Database Design - normalisation
Database Design
Examine the following database (consisting of one table, with the primary key = EmployeeID) that was designed to store the following information on a company’s employees and departments:
- Employee ID,
- Employee Name,
- Employee Salary,
- Department Name,
- Department Location,
- Department Budget,
Give your opinion, using examples from the data below, on whether or not the current database is good or bad.,
EmployeeID | EmployeeName | Salary | DeptName | DeptLocation | DeptBudget |
---|---|---|---|---|---|
100 | Sean | 35,000 | Sales | Dublin | 750,000 |
101 | Mary | 36,000 | Sales | Dublin | 750,000 |
102 | John | 40,000 | Sales | Dublin | 750,000 |
104 | Albert | 55,000 | R&D | Galway | 1,500,000 |
105 | Conor | 52,000 | R&D | Galway | 1,500,000 |
106 | Maeve | 55,000 | R&D | Galway | 1,500,000 |
107 | Tom | 50,000 | R&D | Galway | 1,500,000 |
108 | Alice | 44,500 | HR | Limerick | 250,000 |
A database is a collection of related data organised so that the data can be easily managed and updated.
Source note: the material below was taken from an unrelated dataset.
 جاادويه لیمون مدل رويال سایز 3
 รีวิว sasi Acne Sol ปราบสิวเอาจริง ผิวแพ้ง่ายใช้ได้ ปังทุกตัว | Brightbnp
One of the advantages of using a DataBase Management System such as MySQL is that it can be used to control redundancy where data only needs to be stored once but can be accessed by many users.
Normalisation organises the attributes and relations of a relational database to minimise such data redundancy by breaking tables with many attributes down into several smaller tables with relationships defined between the tables. Normalisation makes it easier to update a database and makes it less prone to anomalies such as update or deletion anomalies., Normalisation was developed by an IBM researcher E.F.Codd in the 1970’s., Normalisation of a database is achieved by following a set of rules called forms when creating the database. (See references below),
- First Normal Form (1NF) - each column is unique and each attribute should contain only a single value.
- Second Normal Form (2NF) - to be 2NF, an entity must already be in 1NF and all attributes within the entity solely on the unique identifier of the entity.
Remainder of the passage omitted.